TASK:
For the copy, please give all of the data again exactly and leave the pictures out.

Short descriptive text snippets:
· · · ·
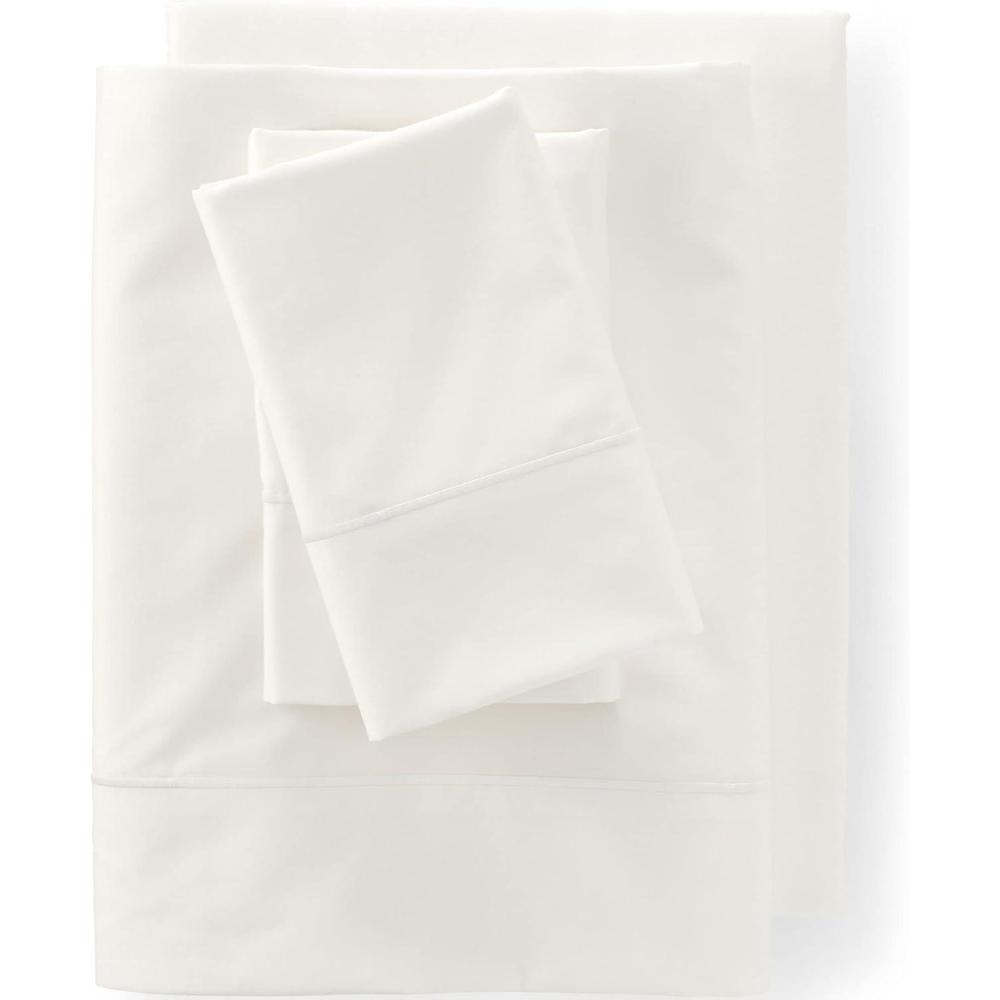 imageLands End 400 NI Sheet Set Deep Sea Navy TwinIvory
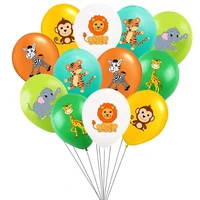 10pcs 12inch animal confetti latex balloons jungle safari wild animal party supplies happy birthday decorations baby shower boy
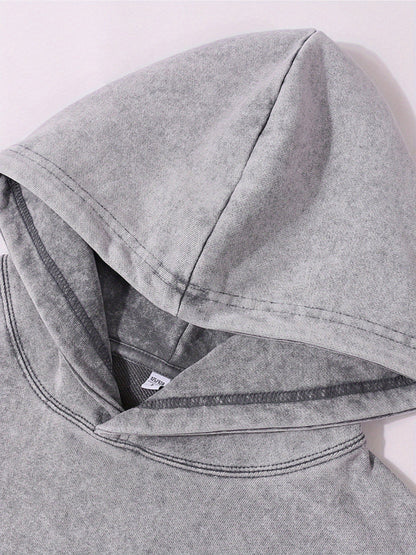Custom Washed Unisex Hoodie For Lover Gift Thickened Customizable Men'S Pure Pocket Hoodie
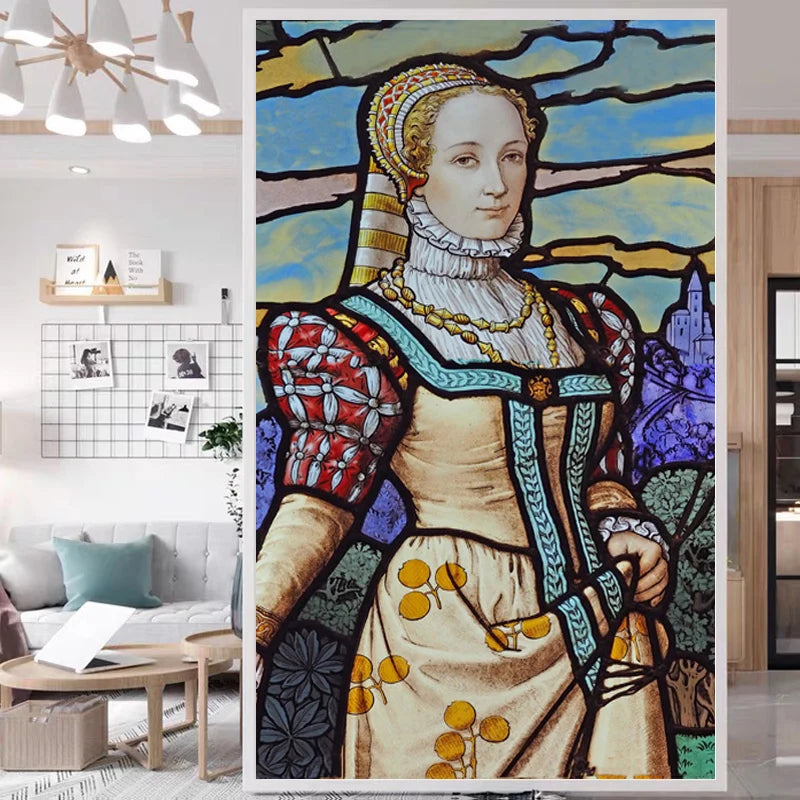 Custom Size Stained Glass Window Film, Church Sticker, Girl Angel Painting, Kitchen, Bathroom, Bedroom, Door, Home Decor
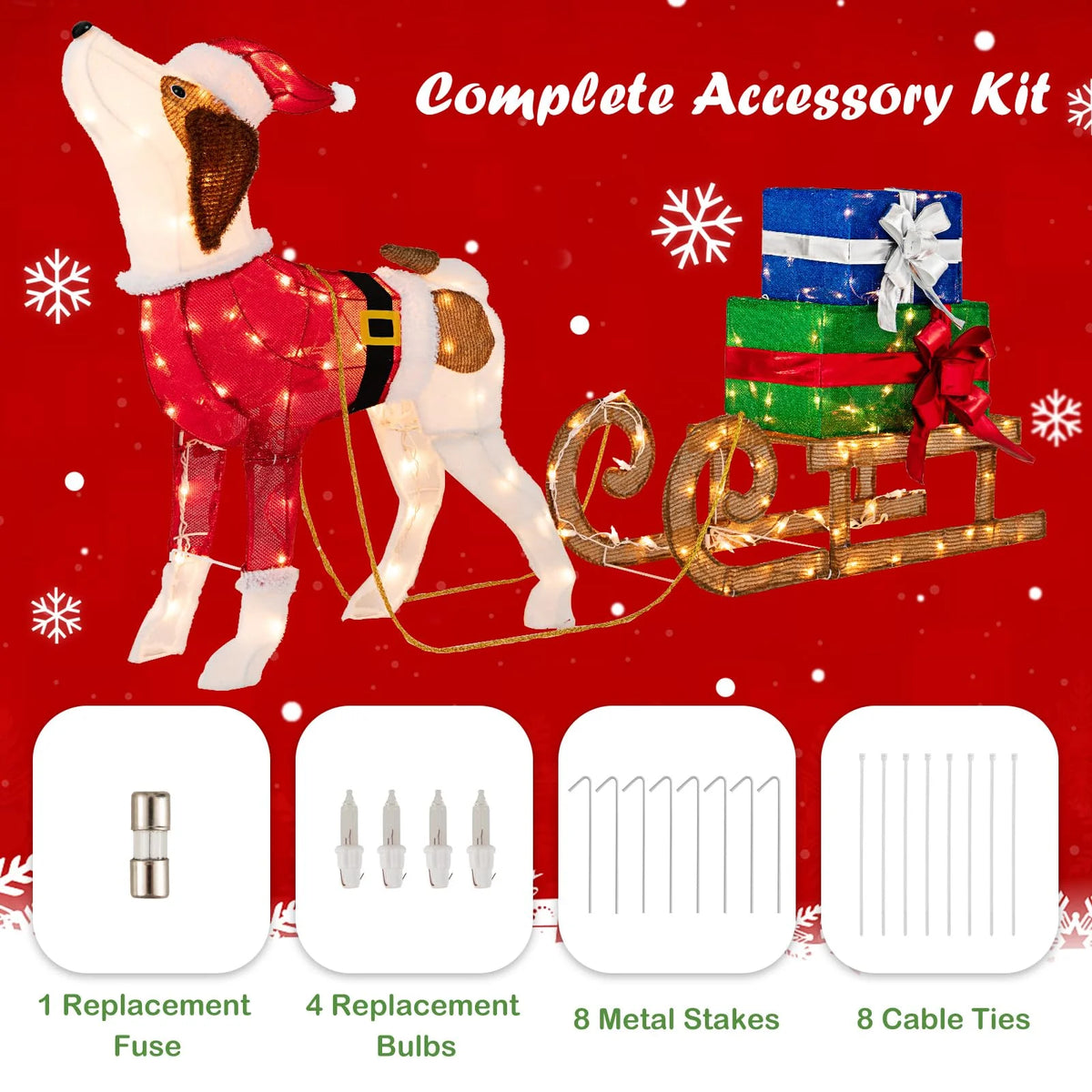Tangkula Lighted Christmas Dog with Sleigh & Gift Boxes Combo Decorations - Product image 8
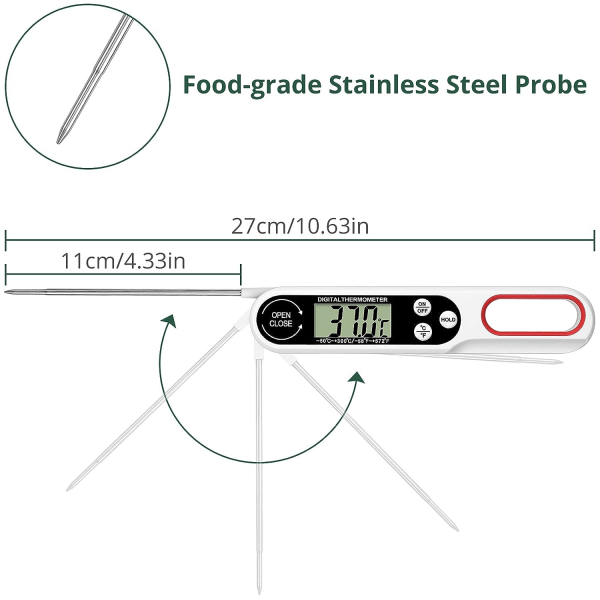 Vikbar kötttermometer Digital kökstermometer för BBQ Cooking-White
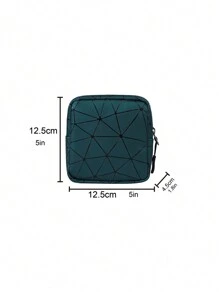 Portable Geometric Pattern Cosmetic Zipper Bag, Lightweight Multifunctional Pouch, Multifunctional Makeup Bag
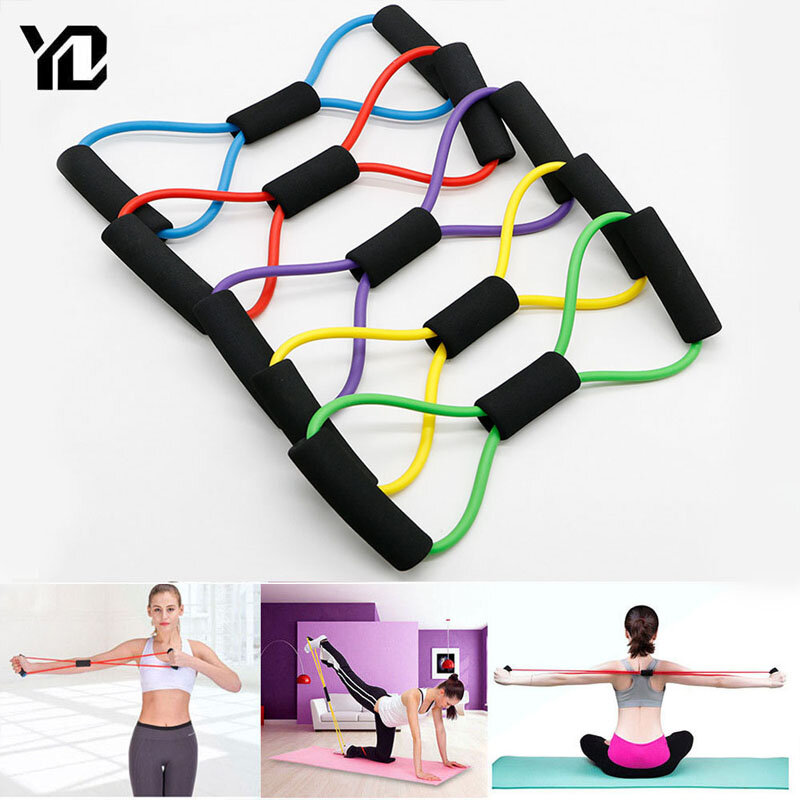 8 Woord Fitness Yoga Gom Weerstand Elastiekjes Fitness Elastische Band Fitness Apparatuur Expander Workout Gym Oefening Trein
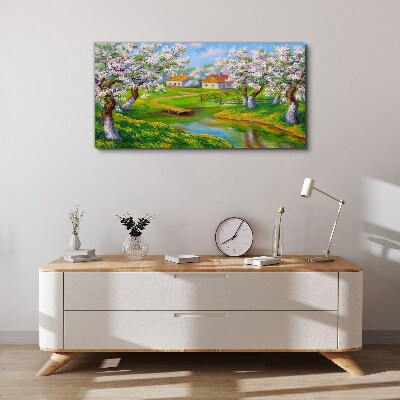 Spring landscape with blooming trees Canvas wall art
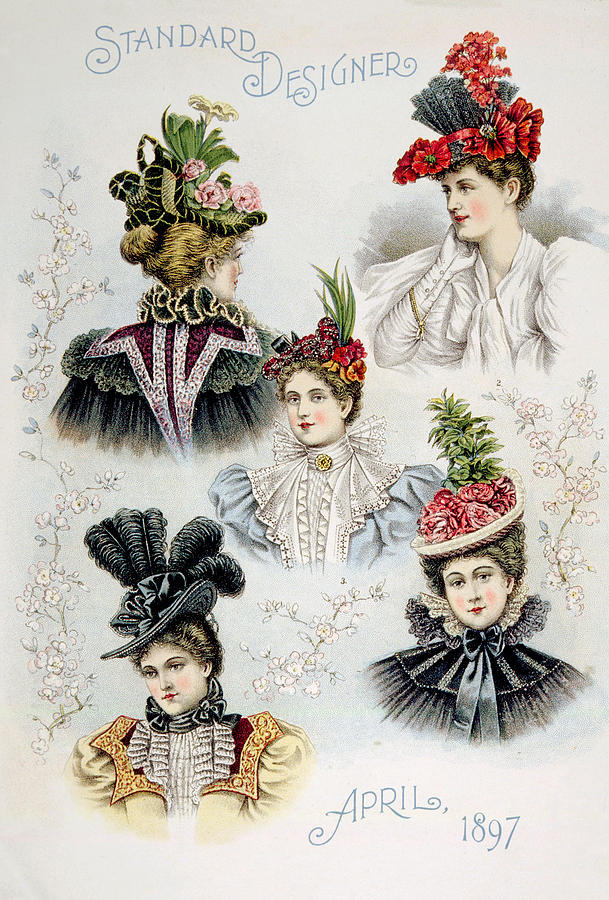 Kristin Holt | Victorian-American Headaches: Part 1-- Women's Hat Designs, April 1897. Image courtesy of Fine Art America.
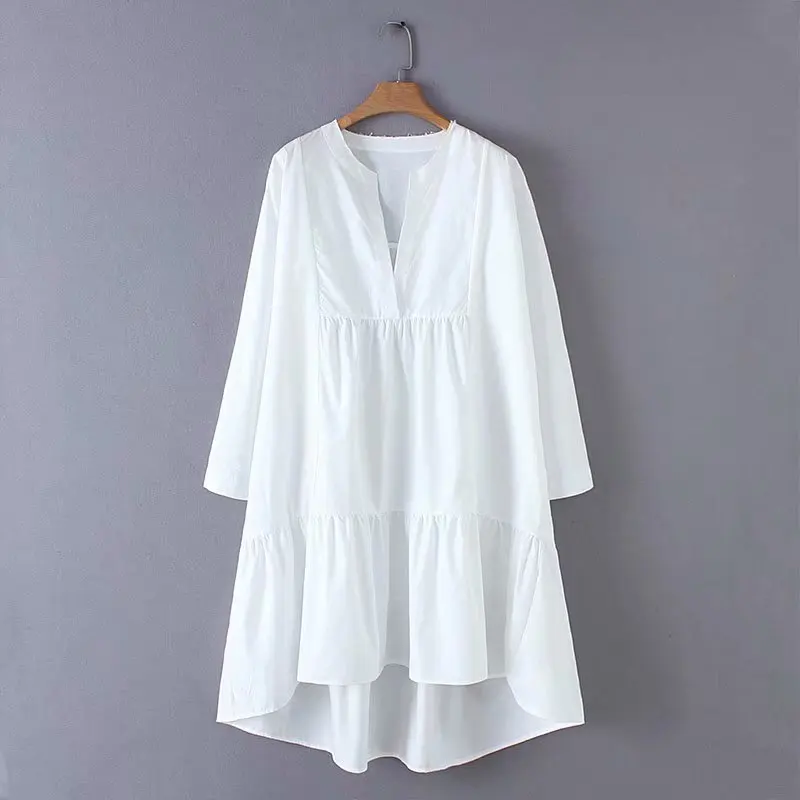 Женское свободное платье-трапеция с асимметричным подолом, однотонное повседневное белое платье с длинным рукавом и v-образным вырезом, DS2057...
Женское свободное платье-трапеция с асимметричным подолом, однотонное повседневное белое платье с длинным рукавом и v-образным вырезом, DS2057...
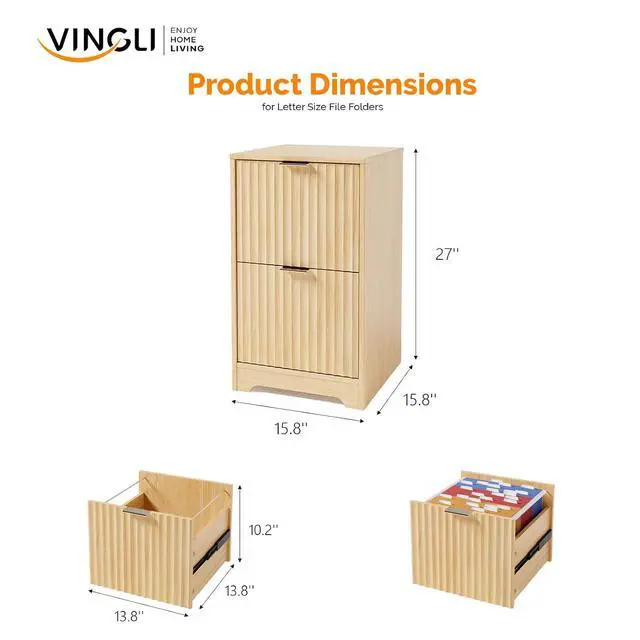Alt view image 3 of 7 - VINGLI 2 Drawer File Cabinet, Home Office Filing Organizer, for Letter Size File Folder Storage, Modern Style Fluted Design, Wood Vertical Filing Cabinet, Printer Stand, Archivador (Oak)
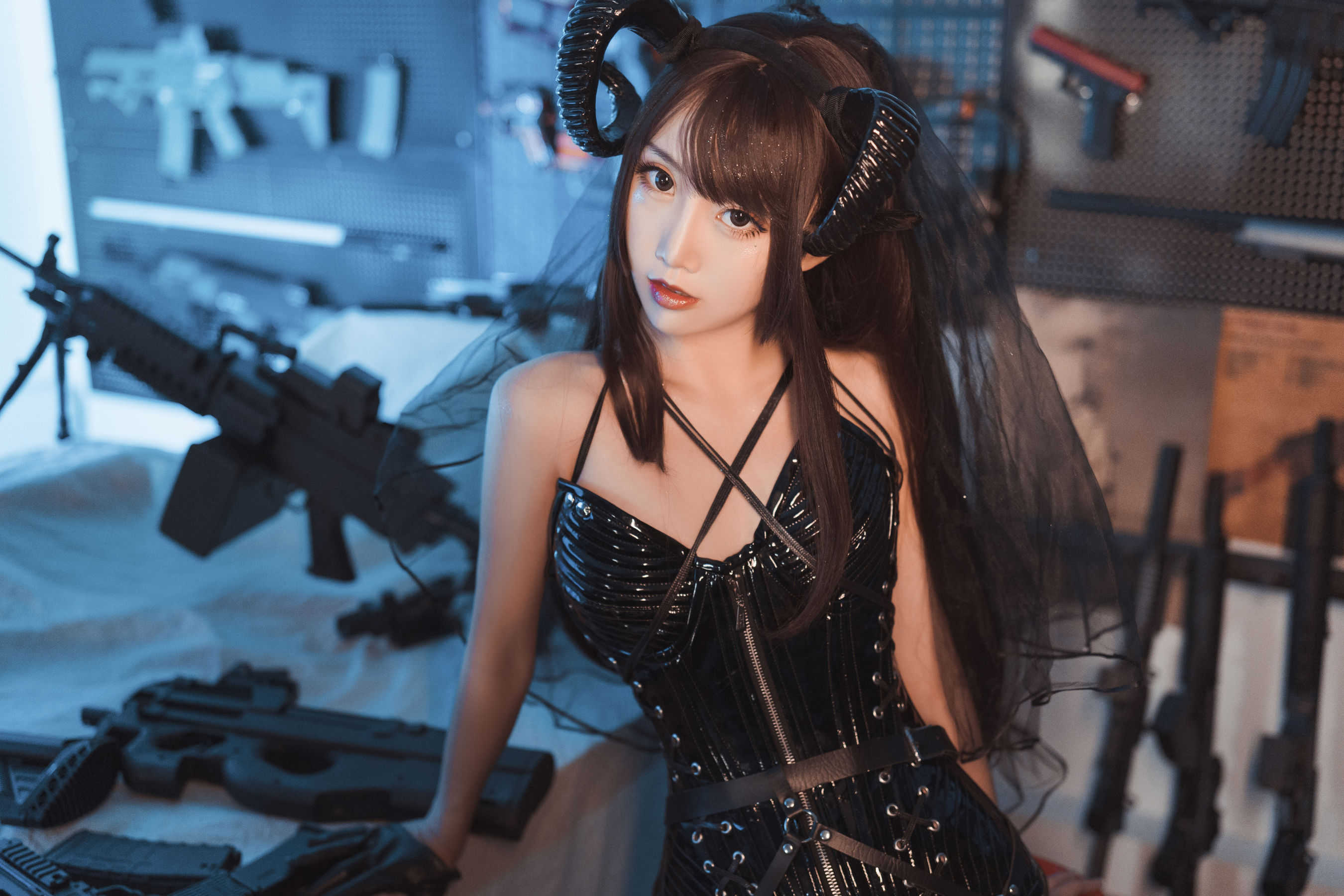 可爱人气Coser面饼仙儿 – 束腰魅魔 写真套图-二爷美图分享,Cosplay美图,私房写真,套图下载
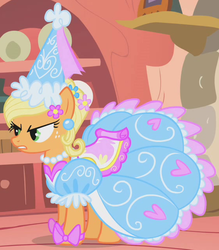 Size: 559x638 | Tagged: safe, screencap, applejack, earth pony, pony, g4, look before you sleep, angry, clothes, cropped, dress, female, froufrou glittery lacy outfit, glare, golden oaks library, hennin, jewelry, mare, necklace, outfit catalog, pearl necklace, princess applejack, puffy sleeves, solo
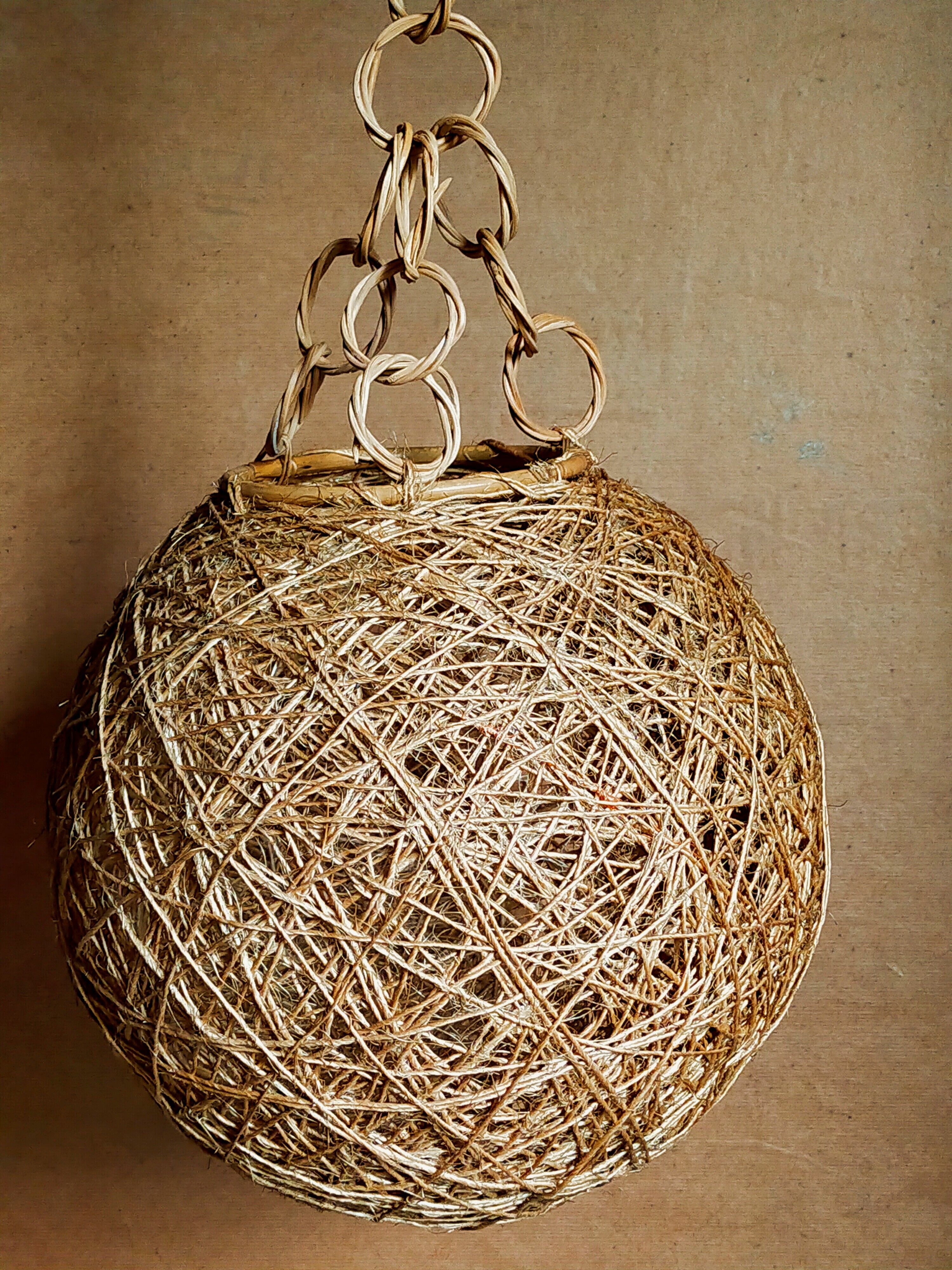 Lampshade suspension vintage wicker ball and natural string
· · · ·
TASK OUTPUT:
 imageLands End 400 NI Sheet Set Deep Sea Navy TwinIvory
 10pcs 12inch animal confetti latex balloons jungle safari wild animal party supplies happy birthday decorations baby shower boy
Custom Washed Unisex Hoodie For Lover Gift Thickened Customizable Men'S Pure Pocket Hoodie
 Custom Size Stained Glass Window Film, Church Sticker, Girl Angel Painting, Kitchen, Bathroom, Bedroom, Door, Home Decor
Tangkula Lighted Christmas Dog with Sleigh & Gift Boxes Combo Decorations - Product image 8
 Vikbar kötttermometer Digital kökstermometer för BBQ Cooking-White
 Portable Geometric Pattern Cosmetic Zipper Bag, Lightweight Multifunctional Pouch, Multifunctional Makeup Bag
 8 Woord Fitness Yoga Gom Weerstand Elastiekjes Fitness Elastische Band Fitness Apparatuur Expander Workout Gym Oefening Trein
 Spring landscape with blooming trees Canvas wall art
 Kristin Holt | Victorian-American Headaches: Part 1-- Women's Hat Designs, April 1897. Image courtesy of Fine Art America.
 Женское свободное платье-трапеция с асимметричным подолом, однотонное повседневное белое платье с длинным рукавом и v-образным вырезом, DS2057...
Женское свободное платье-трапеция с асимметричным подолом, однотонное повседневное белое платье с длинным рукавом и v-образным вырезом, DS2057...
Alt view image 3 of 7 - VINGLI 2 Drawer File Cabinet, Home Office Filing Organizer, for Letter Size File Folder Storage, Modern Style Fluted Design, Wood Vertical Filing Cabinet, Printer Stand, Archivador (Oak)
 可爱人气Coser面饼仙儿 – 束腰魅魔 写真套图-二爷美图分享,Cosplay美图,私房写真,套图下载
 Size: 559x638 | Tagged: safe, screencap, applejack, earth pony, pony, g4, look before you sleep, angry, clothes, cropped, dress, female, froufrou glittery lacy outfit, glare, golden oaks library, hennin, jewelry, mare, necklace, outfit catalog, pearl necklace, princess applejack, puffy sleeves, solo
 Lampshade suspension vintage wicker ball and natural string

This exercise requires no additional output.